2. Tenant Improvement Plan . Tenant shall be responsible for the
preparation of all necessary final architectural drawings and space
plans for Suite 130. Such final working drawings and specifications
may be referred to herein as the "Tenant Improvement Plans." The
Tenant Improvement Plans must be consistent with Landlord's standard
specifications (the "Standards") for tenant improvements in the
Building, as the same may be changed from time to time by Landlord.
Without limitation, the Standards shall require that the Tenant
Improvement Plans (a) be compatible with the Base Building Shell and
with the design, construction, and equipment of the Building; (b)
comply with all applicable laws and ordinances, and the rules and
regulations of all governmental authorities having jurisdiction; and
(c) comply with all applicable insurance requirements.

3. Non-Standard Tenant Improvements. Landlord shall permit Tenant to
deviate from the Standards for the Tenant Improvements, provided
that (a) the deviations shall not be of a lesser quality than the
Standards; (b) the deviations conform to applicable governmental
regulations and necessary governmental permits and approvals have
been secured; (c) the deviations do not require Building service
beyond the level normally provided to other tenants in the Building
and do not overload the floors; and (d) Landlord has determined in
its reasonable discretion that the deviations are of a nature and
quality that are consistent with the overall objectives of Landlord
for the Building.

4. Construction of Tenant Improvements. After the Tenant Improvement
Plans have been prepared and approved, and the final pricing has
been approved and a building permit for the Tenant Improvements has
been issued, Tenant shall enter into construction contract(s) with
its subcontractor(s) for the installation of the Tenant Improvements
in accordance with the Tenant Improvement Plans. All work shall be
performed by subcontractor(s) approved by Landlord.
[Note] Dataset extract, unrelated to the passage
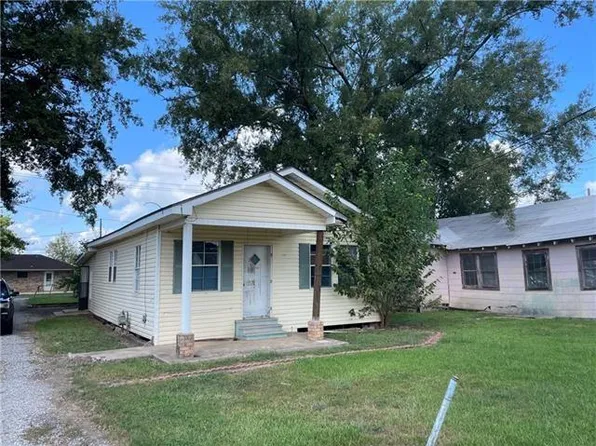 210 S Plum St, Gramercy, LA 70052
Landlord shall
not be liable for any direct or indirect damages to Tenant as a
result of delays in construction for any reason, including, but not
limited to, acts of God, inability to secure governmental approvals
or permits, governmental restrictions, strikes, availability of
materials or labor, or delays caused by the actions or omissions of
any third party.

5. Use of the Tenant Improvement Allowance.

   A. The Tenant Improvement allowance shall be used for the following:

        1. Payment of the cost of preparing the space plan and the
        final working drawings and specifications, including
        mechanical, electrical, plumbing and structural drawings,
        for the Tenant Improvement Plans.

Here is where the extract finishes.